Côté marocain, souligne l’étude, les autorités ne contrôlent pas les composants des Winston et des Camel importés de Suisse. «Les douanes se contentent de s’assurer de la conformité fiscale des conteneurs. Le cas marocain n’est pas unique: rares sont les pays équipés d’un laboratoire qui analysent systématiquement les cigarettes importées. Selon l’OMS, le Burkina Faso est le seul pays d’Afrique à le faire», est-il précisé.

Contacté par Le360, un importateur marocain de cigarettes suisses se défend en rappelant que d’un point de vue légal, au Maroc, il n’existe pas de loi réglementant les teneurs maximales des produits de tabac. Un projet de loi relatif à la fixation des teneurs maximales des produits de tabac, (pour l’adapter à la norme européenne «10-1-10») devait voir le jour en 2012, mais il n’a pas été voté jusqu’à présent. «Aucun des opérateurs ne va prendre l’initiative de réduire les teneurs. En revanche, si le législateur adopte cette loi, tous les opérateurs (importateurs et producteurs locaux) devront s’y adapter», nous dit-on.

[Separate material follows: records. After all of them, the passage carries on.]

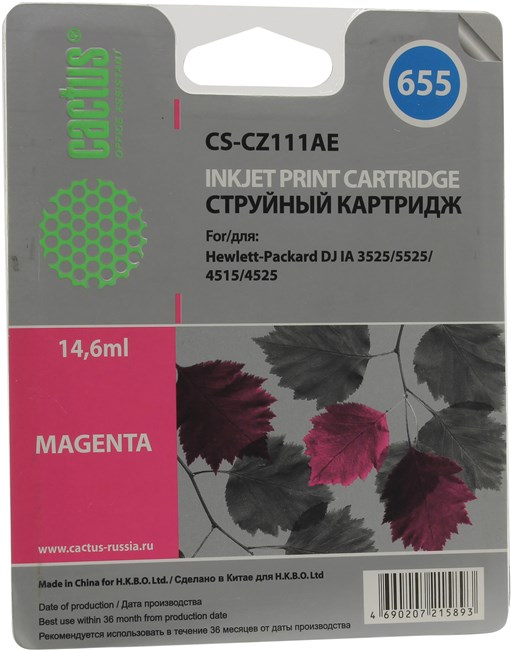 

Картридж струйный Cactus CS-CZ111AE (655), пурпурный, совместимый, 600 страниц, для HP DJ Ink Advantage 3525 / 4615 / 4625 / 5525 / 6525
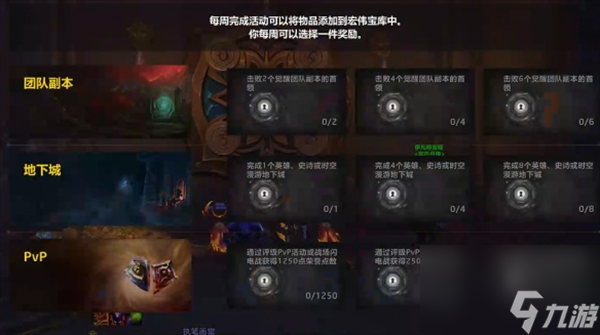 《魔兽世界》宏伟宝库任务攻略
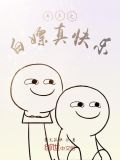 率土之滨宝物白嫖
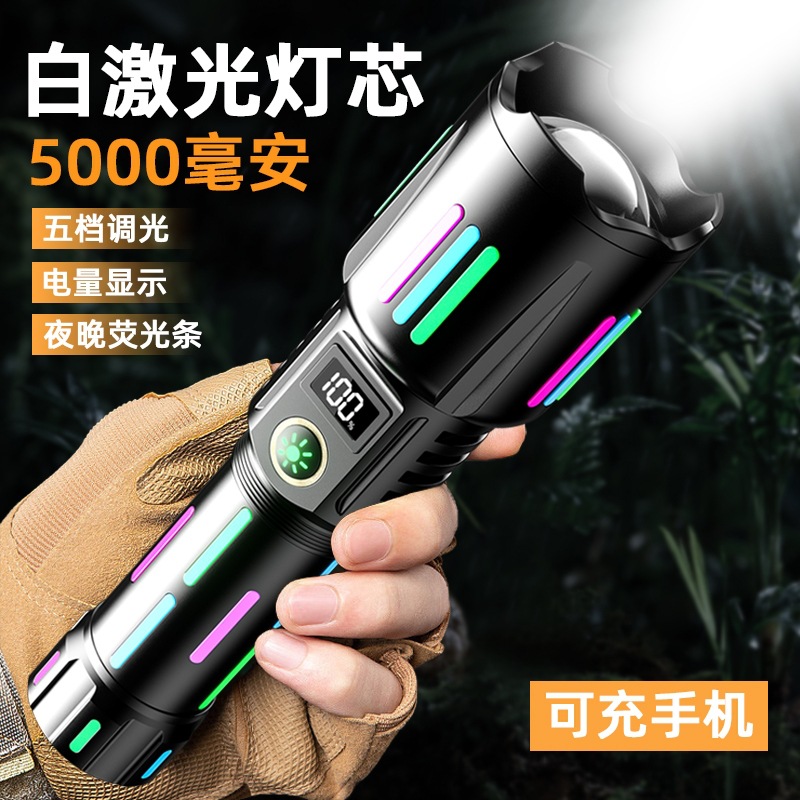 手电筒/小型手电筒/手摇发电电筒/康铭手电筒/潜水手电白底实物图
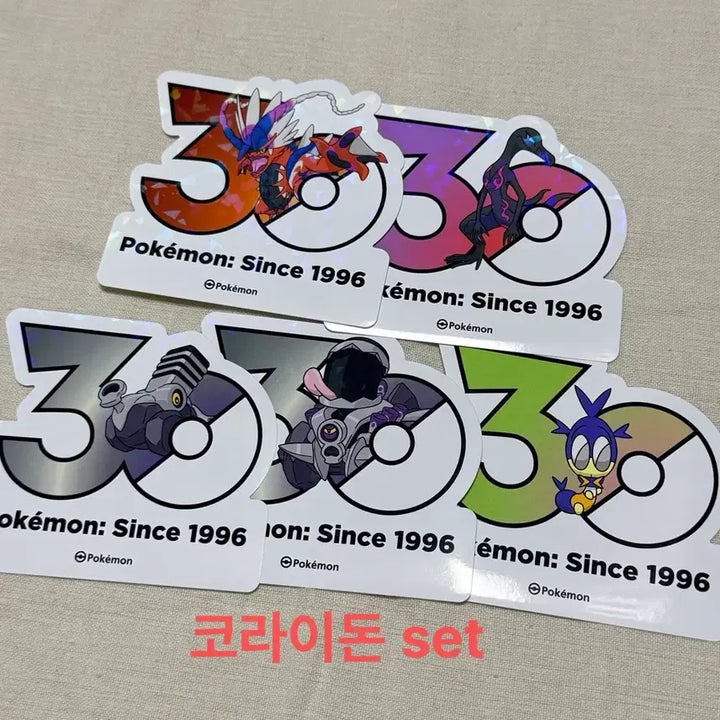 [BUNJANG] Pokemon Stickers - Koraidon (Olive Young 30th Anniversary) / 원가양도 ) 올리브영 30주년 포켓몬스터 스티커 코라이돈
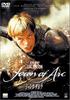 DVD  - Joan of Arc  BDD29081 Japan Movies & DVD Used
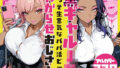 くっそ生意気なパパ活ビッチ黒ギャルJK わからせおじさん【無料試聴】 37 d 748827pl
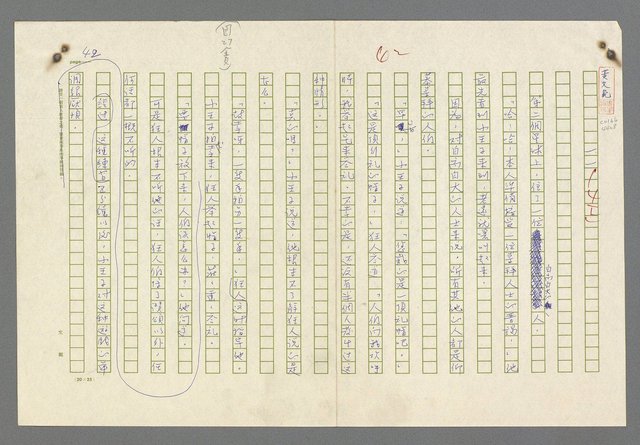 主要名稱：小王子圖檔，第44張，共99張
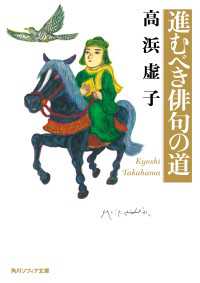 進むべき俳句の道 角川ソフィア文庫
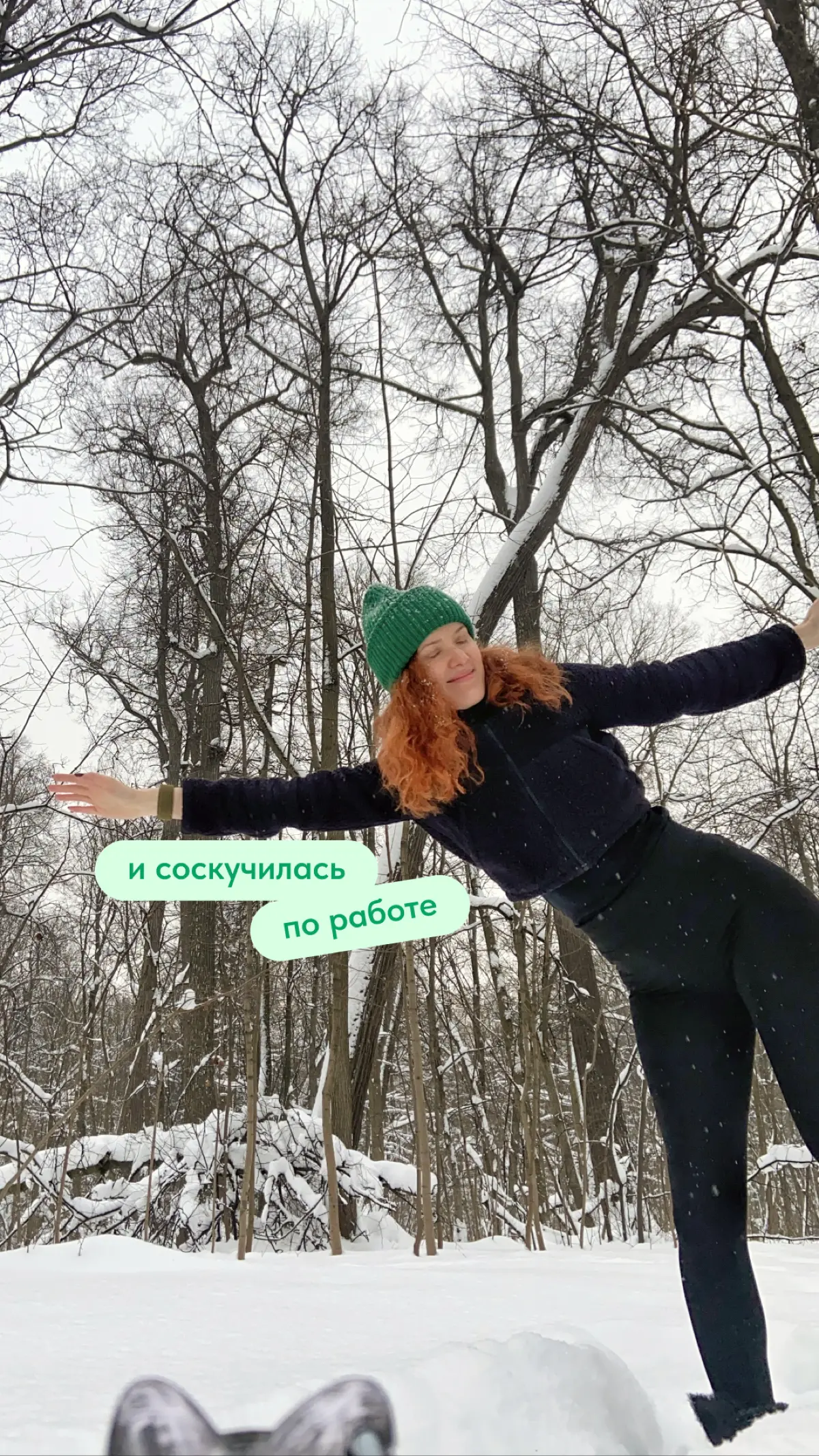 А как у вас дела?💚 | Сетка — социальная сеть от hh.ru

Les produits commercialisés par les opérateurs marocains, poursuit la même source, répondent aux préférences des fumeurs et aux goûts du marché, ainsi qu'à toutes les exigences réglementaires applicables. «Au Maroc, les fumeurs adultes préfèrent les goûts élevés», laisse observer cet opérateur local.

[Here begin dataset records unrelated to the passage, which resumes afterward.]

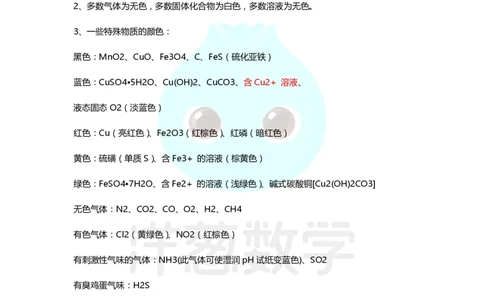 初中化学解题技巧_初中化学_01.人教版初中化学_11.初中化学电子文档资料（赠送）
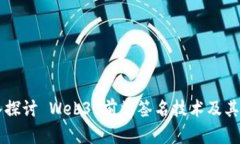 深入探讨 Web3 前端签名技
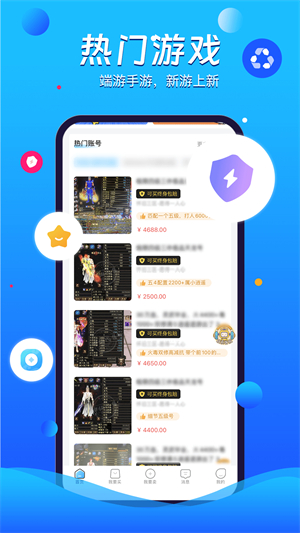 神仙代售游戏交易平台 20260831150924_757633.jpg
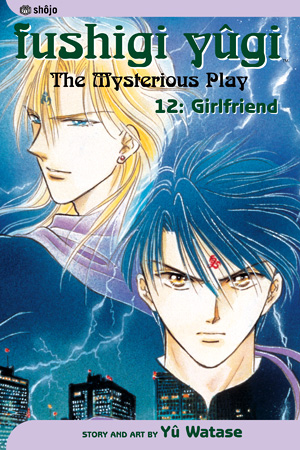 Fushigi Yugi Book 12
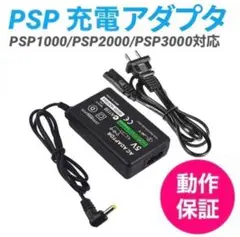 【匿名配送】PSP 充電アダプタ DCケーブル ACアダプター 充電器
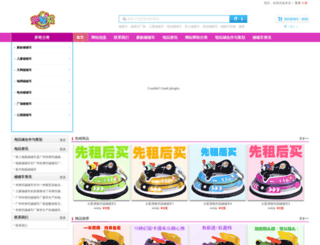 youxiji.ac.cn screenshot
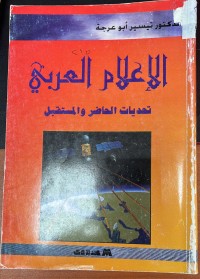 Image of الاعلام العربي تحديات الحاضر و المستقبل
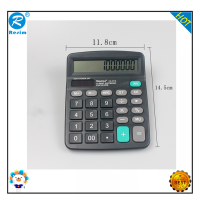 ราคา Resim Small Economy Calculator 12 Bit Dual Power Solar Office Calculator Factory Outlet (16908499484)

Le choix des cigarettes fabriquées en Suisse, ajoute notre interlocuteur, n’a aucunement pour objectif de jouer sur l’aspect qualité vis-à-vis des consommateurs, car tous les tabatiers dans le monde respectent les mêmes standards de qualité et suivent les mêmes processus de production. Selon notre source, c’est juste un choix de sourcing qui n’enfreint pas les exigences réglementaires en vigueur.

Enfin, il est important de noter que les cigarettes, qu’elles soient importées ou produites localement, sont nocives et ce, quelle que soit leur contenance en nicotine ou en goudron. Il n'y a pas une cigarette moins dangereuse qu’une autre. Fumer tue, un point c’est tout.